Ignacio de la Torre. Professor. IE Business School
18 December 2013
Although the US still hasn’t signed up to the Kyoto Protocol it is performing better than Europe in terms of CO2 emissions, thanks to the free market model it applies to companies prospecting for natural resources.
In spite of the fact that the USA did not sign the Kyoto Protocol and the EU did, US CO2 emissions have performed far better than Europe’s. The reason for this is the shale gas revolution, which has permitted the US to replace the use of carbon with that of gas, which produces approximately half the amount of contamination that carbon does in order to produce energy. Excess carbon has been channeled to Europe, which is still having to cope with higher energy costs than those in the US. The result is that in spite of voluntarily signing the Kyoto Protocol, we have performed worse than our friends in the US. Meanwhile, emerging economies are investing huge amounts of money in subsidizing petrol, a populist measure which ironically is making levels of C02 emissions considerably worse.
There are basically three possible solutions to a problem like this: regulate it, ban it, or use the market to mitigate it. Occasionally state intervention is the only way. When Cambodia was abandoned by the Khmer Rouge, for example, a liberal described how some cars drove on the left and some on the right, and that despite his liberal tendencies, he felt that it made a lot of sense for the state to intervene to force all the population to drive on the same side of the road.
The key is to find the optimum point of intervention, and to ensure that whoever oversees the process is in favor of keeping regulatory intervention to a minimum. When it comes to fighting climate change, although there are factors that permit us to say that negative externalities make it necessary to intervene, the US can teach us another lesson, given that European intervention has proven to be inefficient on every level. In the US, the land owner can run the risk of financing prospecting to see if natural resources can be found there, because if they appear, they belong to the landowner. In Europe, regulations are contrived to ensure that any natural resources discovered end up largely in the hands of the state. The logical consequence is that Americans have been far swifter to mobilize technology and their own resources in the search for natural gas. The result of replacing carbon with gas is less contamination and cheaper energy. Hence, in spite of full awareness and regulatory tussles, carbon was behind 30% of world energy production in 2012, the highest level since 1969.

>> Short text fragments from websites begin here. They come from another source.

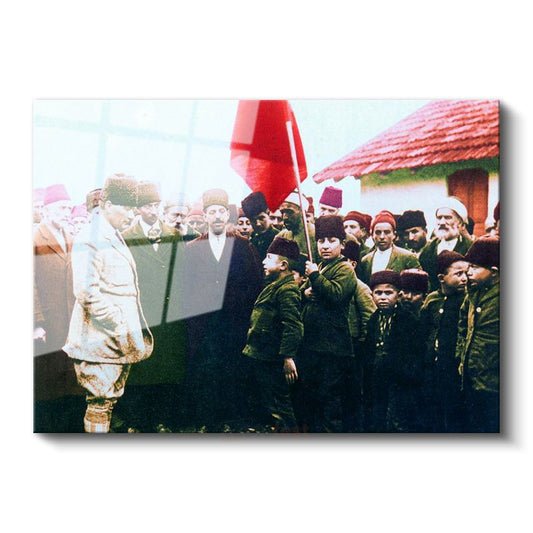 Atatürk ve Gençlik - Bayrak Töreni Cam Tablo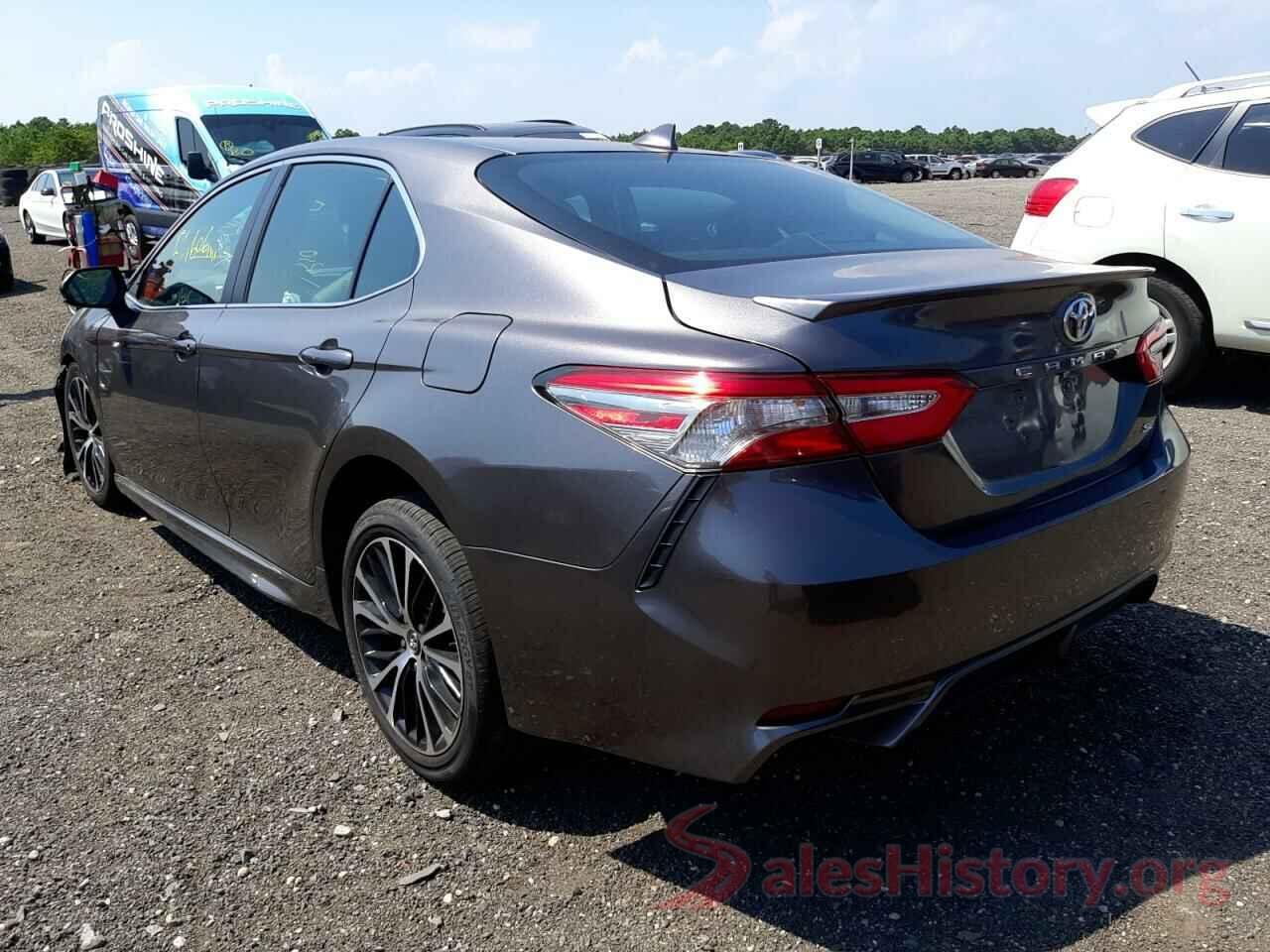 4T1B11HK2KU232575 2019 TOYOTA CAMRY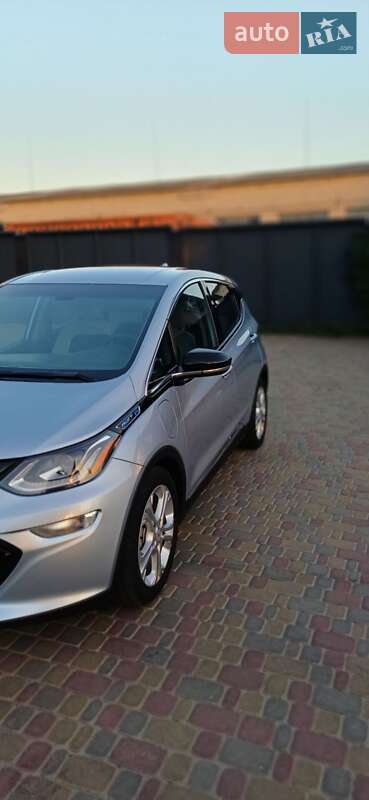 Хэтчбек Chevrolet Bolt EV 2017 в Костополе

Although the EU continues to be interventionist in other fields, such as its ban on exporting oil, and even making the export of gas difficult, the balance of its regulation is favorable where climate change is concerned. In Europe, political intervention in the world of renewable energy has been nothing short of tragicomic. Spain approved the first regulation of renewable energies during the second mandate of Aznar, a day after the terrorist attack of March 11, with what was effectively an interim government. The regulation worsened in relative terms with Zapatero’s first legislature, and the resulting monstrosity was the same old tariff deficit and the enormous associated debt. The unenlightened despotism of both parties produced a surrealist regulatory regime that we are all paying for now.
As Dr. Lomborg stated in Wall Street Journal, Spain currently spends 1% of its GDP (some 10 billion euros out of a total of 60 billion deployed on subsidies for renewable energies) on solar and wind power, which is more than it spends on higher education. By spending this amount on renewable energy, by the end of last century Spain had managed to delay the impact of global warming by just 61 hours in total, according to a study carried out by Yale University. Moreover, the governments of many emerging economies apply enormous subsidies to petrol. One particularly paradigmatic case is that of Venezuela, which spends 22 billion dollars a year on subsidizing petrol, which is double the amount it spends on healthcare. Iran spends 82 billion dollars on petrol subsidies, Saudi Arabia 61,000 billion, and Russia, India and China spend between 30 and 40 billion dollars each. In other words, they buy political stability in exchange for subsidized CO2 emissions.
During the economic crisis that struck the Roman Empire in the third century, inflation was an enormous problem. Emperor Dioclecianus tried to tackle it using regulation: he prohibited inflation by law by fixing prices. In spite of the futility of said measure, similar laws have been stupidly enshrined down through history, the French Revolution being one such example, and more recently the unbelievable country of Venezuela. The result is always the same: the market determines the level of inflation by balancing supply and demand, and interventionist measures limit supply, which brings about inflationary pressure and ends up, paradoxically, harming the poorest segment of the population.
Today the world is facing the problem of climate change (the fight against inflation will no doubt start in a year’s time). There are two possible postures the powers that be can take, either ban it and regulate it, or mitigate its effects using the free market mechanism.
Time will soon put the effectiveness of such contradictory solutions in their place.